Bug #42704 "Slave_IO_Running" differs in test result (2)
Submitted: 9 Feb 2009 16:27 Modified: 2 Jun 2009 17:05
Reporter: Joerg Bruehe Email Updates:
Status: Closed Impact on me:
None 
Category:Tests: Replication Severity:S3 (Non-critical)
Version:cluster 6.4.2 OS:Any
Assigned to: Magnus Blåudd CPU Architecture:Any

[9 Feb 2009 16:27] Joerg Bruehe
Description:
Test fails on several platforms, especially Linux (RPM builds) and OS X, both x86 and x86_64 CPUs:

=====
rpl.rpl_packet 'row'           [ fail ]

--- /PATH/mysql-test/suite/rpl/r/rpl_packet.result
+++ /PATH/mysql-test/suite/rpl/r/rpl_packet.reject
@@ -31,7 +31,7 @@
 START SLAVE;
 CREATE TABLE `t1` (`f1` LONGTEXT) ENGINE=MyISAM;
 INSERT INTO `t1`(`f1`) VALUES ('aaaaa...aaaaa2048');
-Slave_IO_Running = No (expect No)
+Slave_IO_Running = Yes (expect No)
 ==== clean up ====
 DROP TABLE t1;
 DROP TABLE t1;

mysqltest: Result length mismatch
=====

How to repeat:
Run the suite.
[20 May 2009 10:54] Magnus Blåudd
Looking in the slave servers log file, I can see that the loop in  include/wait_for_slave_io_to_stop.inc got "No such row" as result, when it then later compares that against 'No', the loop is terminated prematurely.

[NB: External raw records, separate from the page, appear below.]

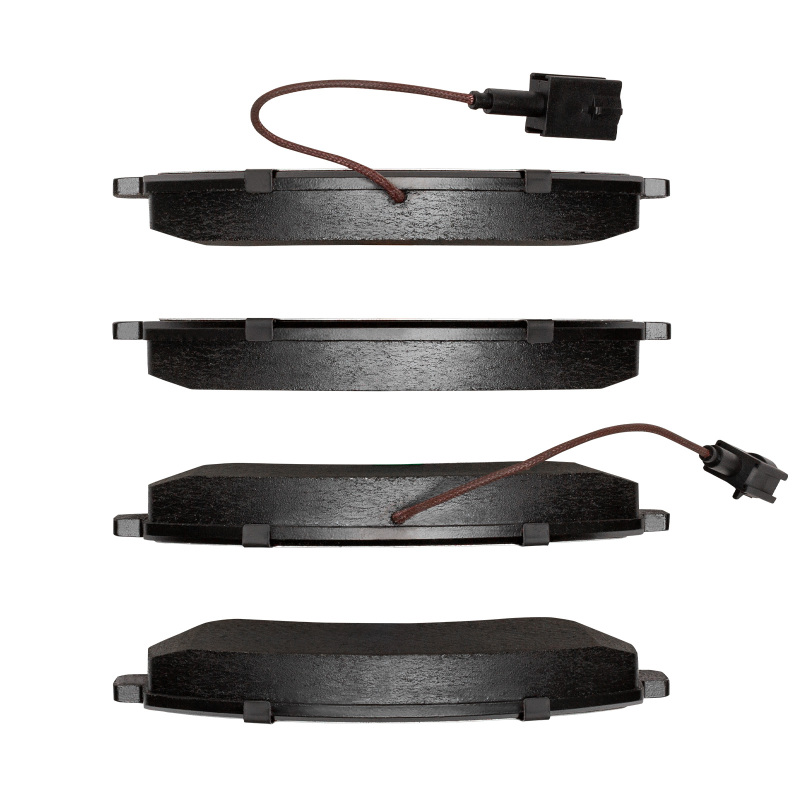 Ram ProMaster 3500 Brake Pads - Front - DFC - 5000 Advanced Semi Metallic - `14-`25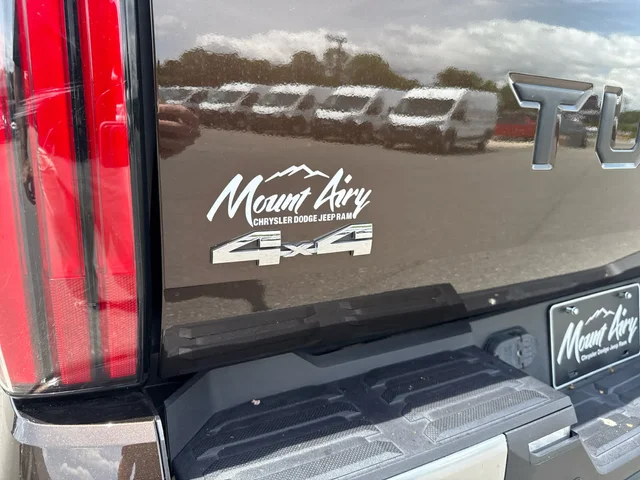 SEMINUEVOS TOYOTA Tundra at Matthews in Liberty Buick GMC
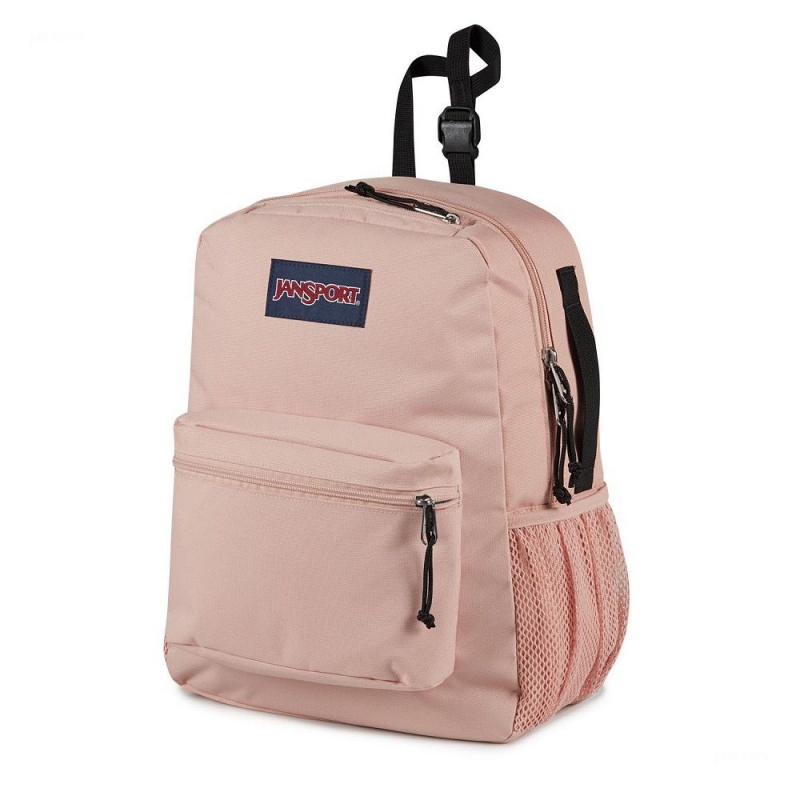 JanSport CENTRAL ADAPTIVE Laptop Rugzak Rugzakken Roze | NLDFL85132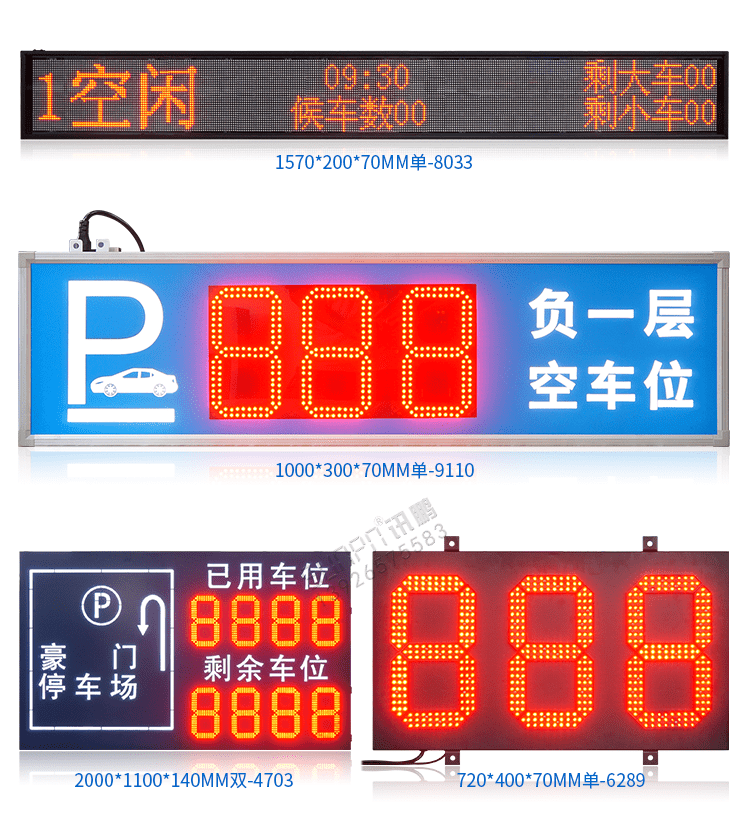 停車場(chǎng)車位引導(dǎo)系統(tǒng)案例參考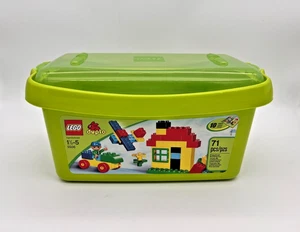 Lego Duplo 5506 Large Brick Box Preschool Building Toy 71 pcs., Complete - Picture 1 of 6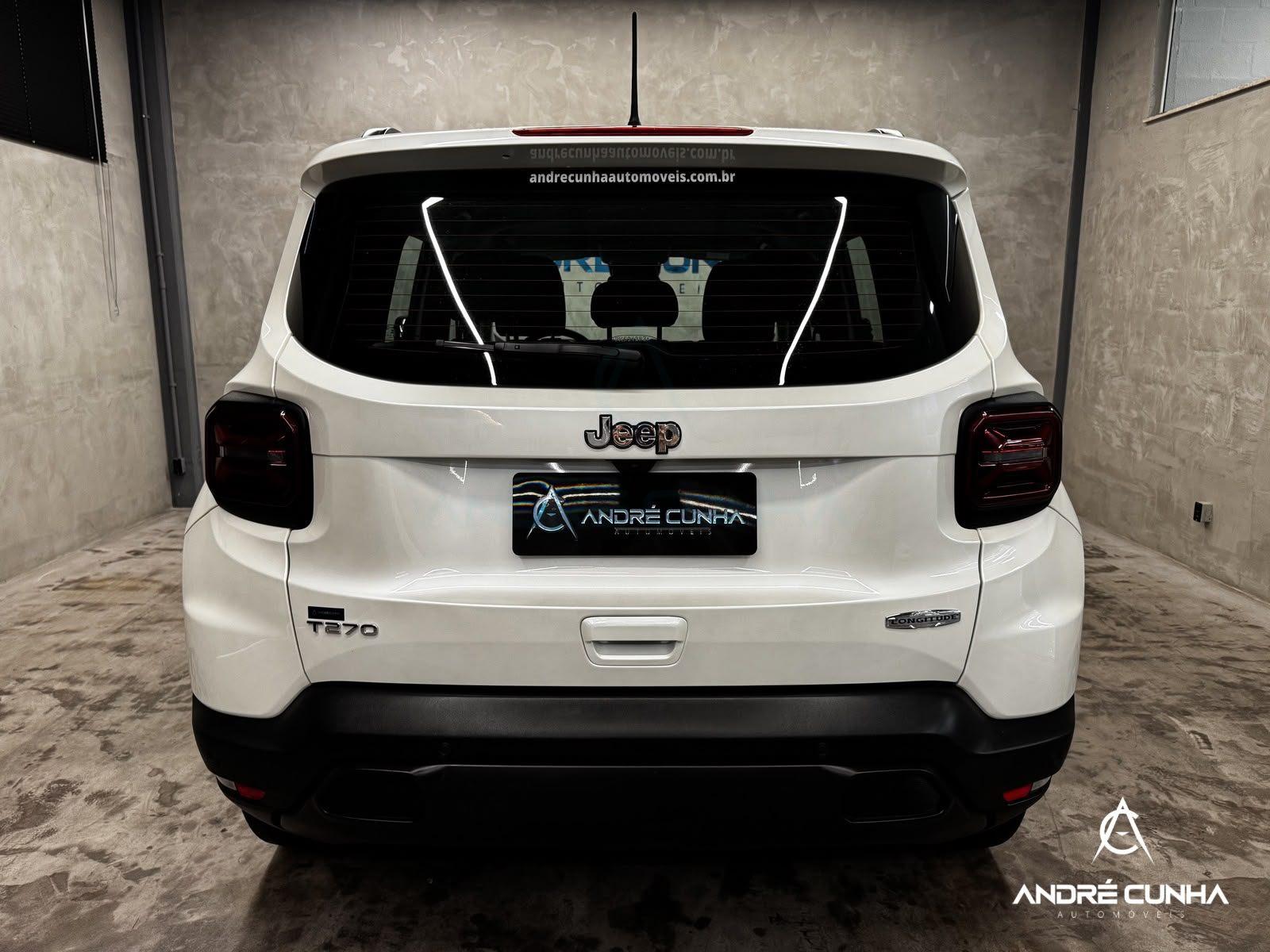 Foto numero 5 do veiculo Jeep Renegade Long. T270 1.3 TB 4x2 Flex Aut.  - Branca - 2023/2023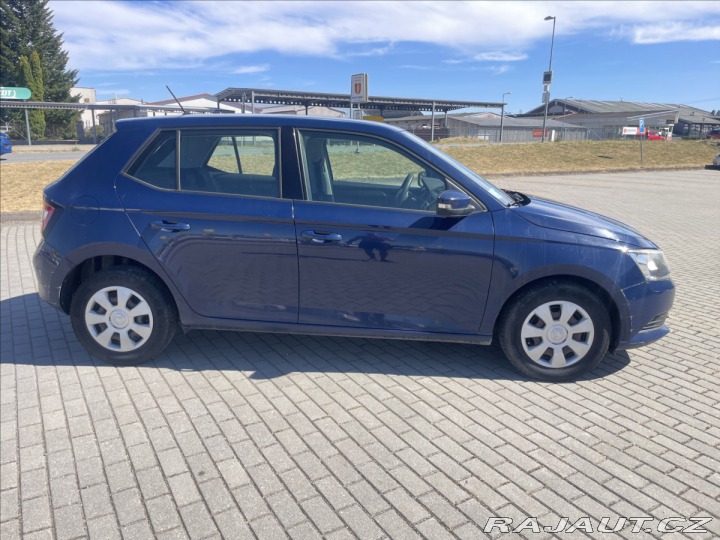Škoda Fabia 1,0 MPi 44kw Klima Euro6, 2015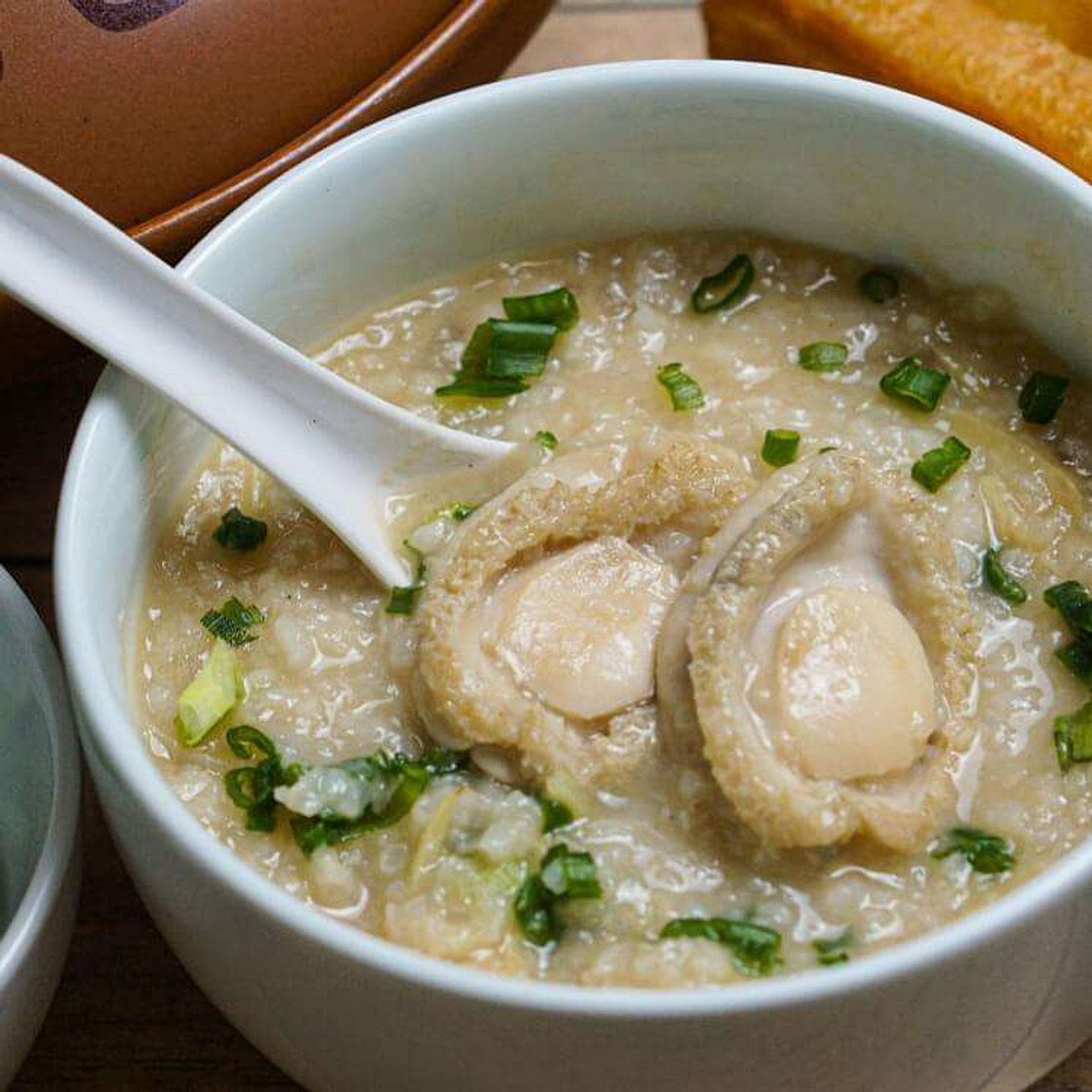 15-minute Abalone Congee 鲍鱼粥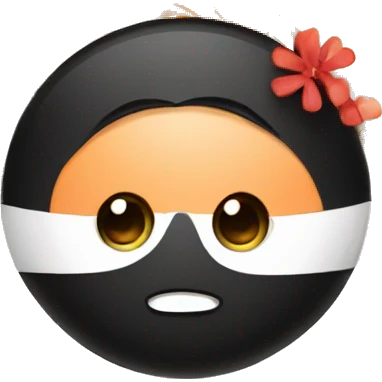 Sushi and fan emoji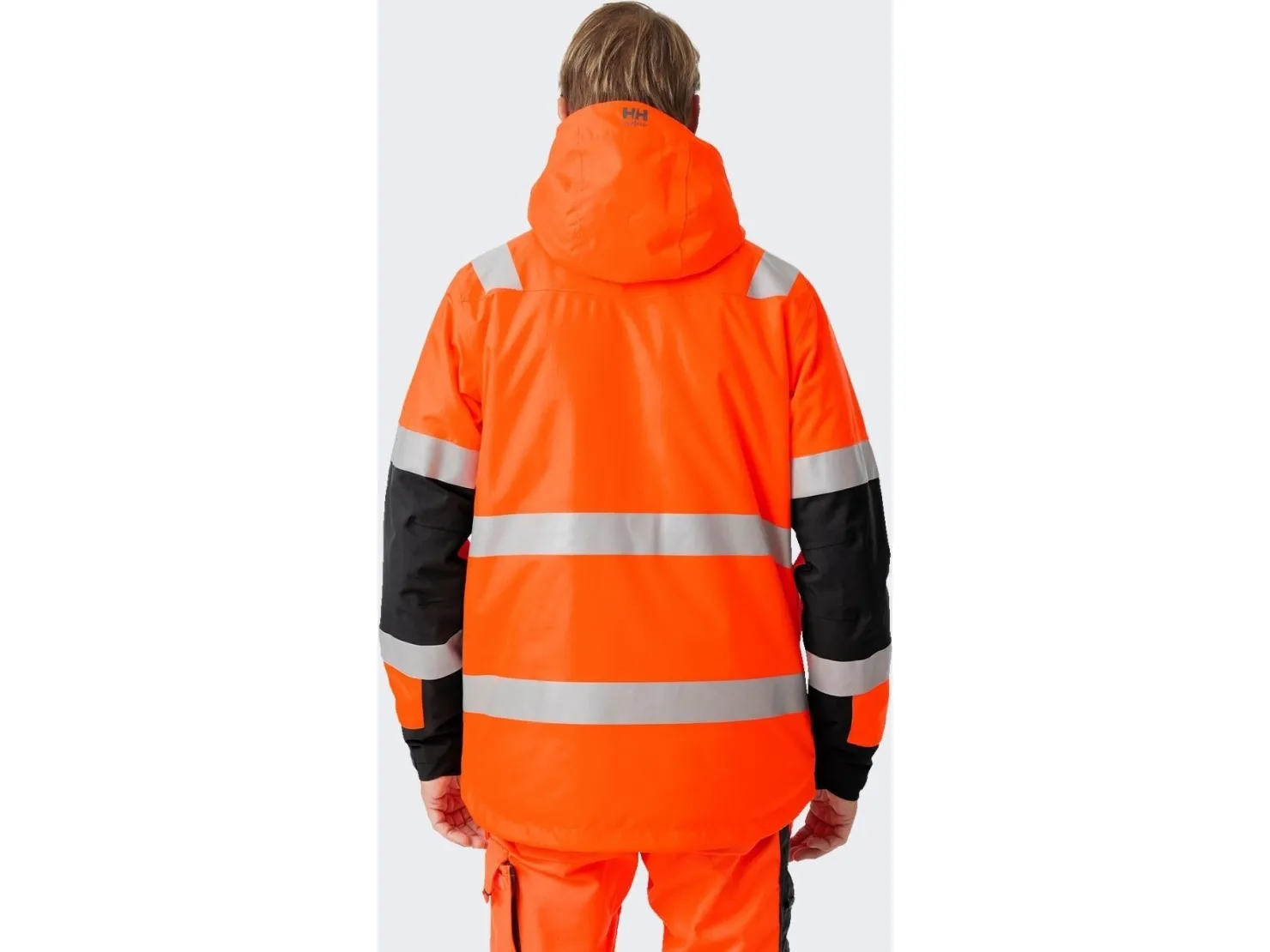 Herrejakke Helly Hansen Vinterjakke Helly Hansen Alna 20 Klasse 23 Orange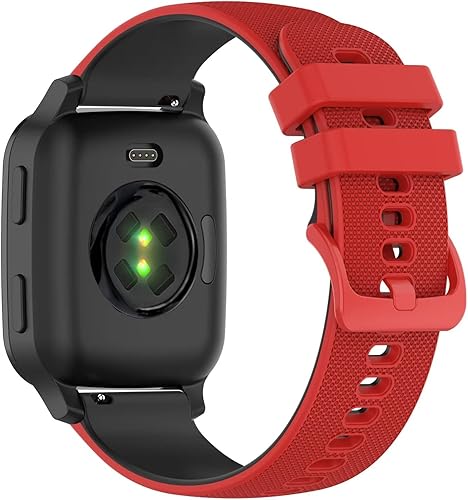 Miniatura 2 de Correa de repuesto compatible con Garmin Venu Sq 2Venu SqVivoactive 3Venu 2 Plus Smartwatch de 0.787in, pulsera de silicona deportiva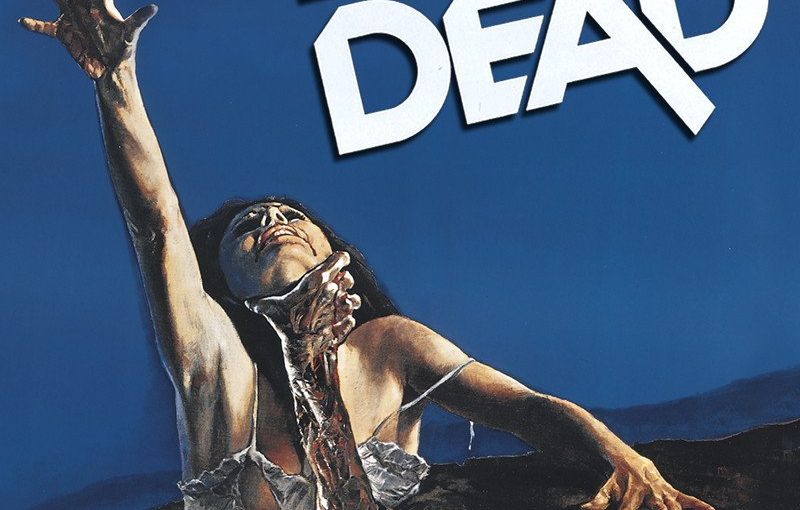 Poster for the movie "The Evil Dead"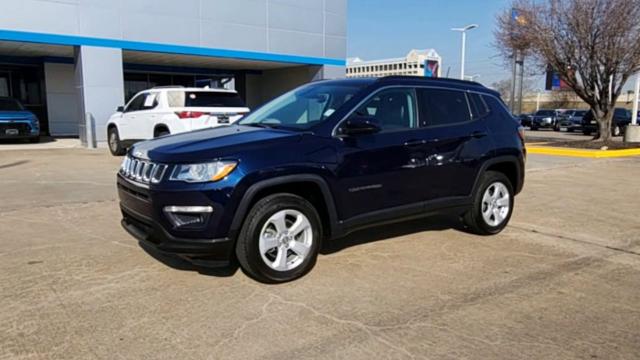 2021 Jeep Compass Vehicle Photo in HOUSTON, TX 77054-4802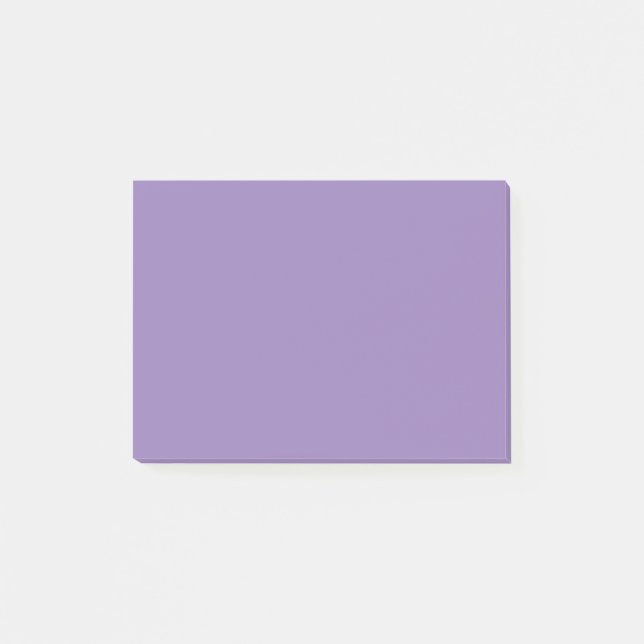 Post-it® Lavande Purple Durable Une couleur (Devant)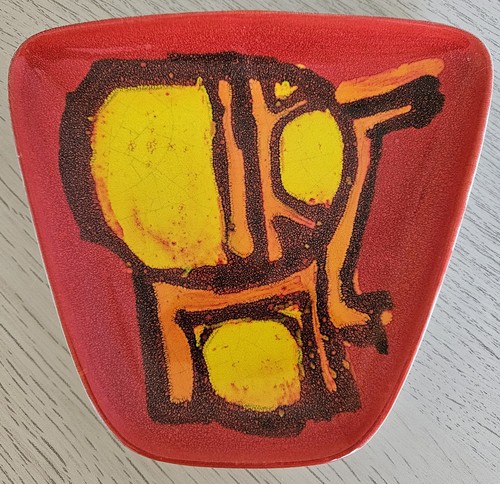 Vintage poole pottery delphis - vintage,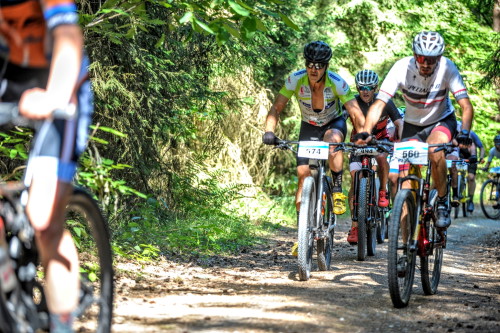 23. Franken Bike Marathon in Trieb - Suchbild: Wo ist Alex?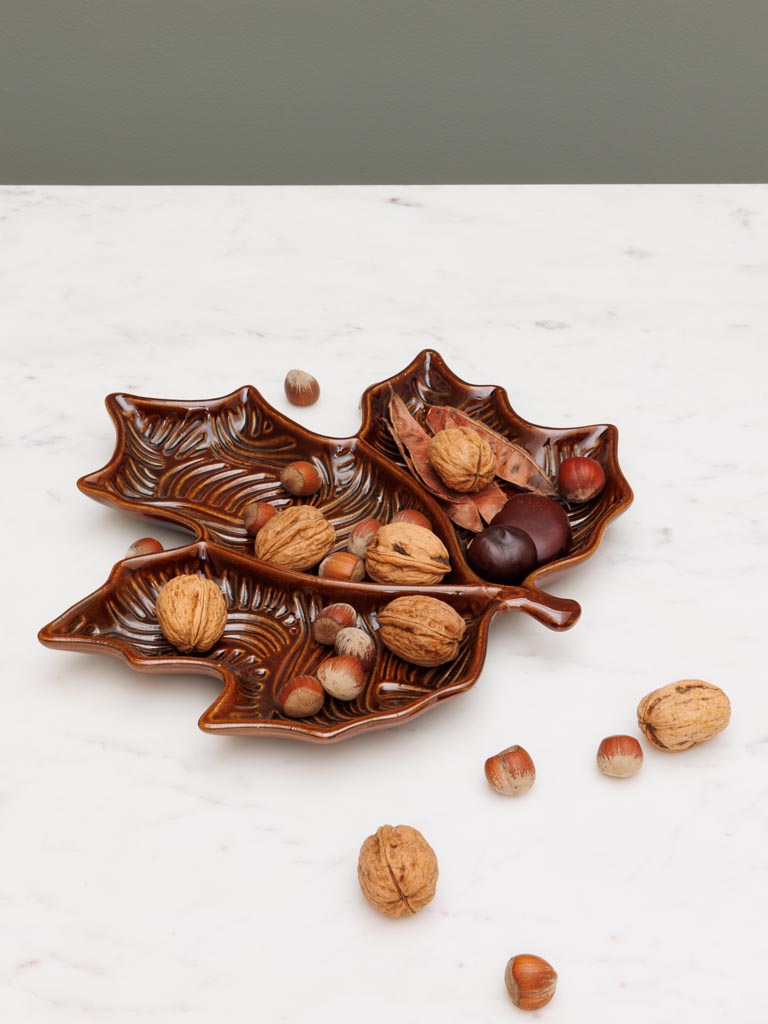 Maple leaf tray - 5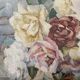 Watercolor painting signed Louise Boussac XIXth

'No such row' can be returned from 'query_get_value', will double check that function to see why. If function looks ok, just change to SELECT 'Yes' = '<result from query_get_value on SHOW SLAVE STATUS>'

                    2 Query     SHOW SLAVE STATUS^@
                    2 Query     SELECT 'No' != 'No such row'
                  ^^^^^^^^^^^^^^^^^^^^^^^^^^^^^^^^^^^^^^^^^^^^
                    2 Query     SELECT '' = ''
                    2 Query     SHOW SLAVE STATUS^@
                    2 Query     SELECT NOT('No' = 'No') AND 3000 > 0
                    2 Query     SHOW SLAVE STATUS
                    2 Query     DROP TABLE t1
                    2 Query     SHOW WARNINGS
[20 May 2009 11:01] Magnus Blåudd
Hmm, someone has coded 'No such row' into the .inc file ...
[1 Jun 2009 15:08] Magnus Blåudd
The slave IO thread reads the packet header from master and find it is a bigger packet than it can handle and will set an error code, so far it's fine and same as 6.3. For some reason "it" also call 'vio_was_interrupted', that function read errno which is 11 from an old operation -> yes, it was interrupted and thus a different path is taken where the slave tries to reconnect to the master instead of just erroring out as it should. While reconnecting it reset the Slave_IO_Running to YES for a brief time and thus this race condition occurs.
[1 Jun 2009 15:15] Bugs System
Pushed into 5.1.34-ndb-7.0.7 (revid:magnus.blaudd@sun.com-20090601151346-9scmtzv2lzhueou4) (version source revid:magnus.blaudd@sun.com-20090601151346-9scmtzv2lzhueou4) (merge vers: 5.1.34-ndb-7.0.7) (pib:6)
[1 Jun 2009 15:16] Bugs System
A patch for this bug has been committed. After review, it may
be pushed to the relevant source trees for release in the next
version. You can access the patch from:

  http://lists.mysql.com/commits/75385
[1 Jun 2009 15:34] Bugs System
A patch for this bug has been committed. After review, it may
be pushed to the relevant source trees for release in the next
version. You can access the patch from:

  http://lists.mysql.com/commits/75389
[1 Jun 2009 15:35] Bugs System
Pushed into 5.1.34-ndb-7.0.7 (revid:magnus.blaudd@sun.com-20090601153434-ai9qfmpwwmorscn0) (version source revid:magnus.blaudd@sun.com-20090601153434-ai9qfmpwwmorscn0) (merge vers: 5.1.34-ndb-7.0.7) (pib:6)
[2 Jun 2009 17:05] Jon Stephens
Test failure only, no changes to document. Closed.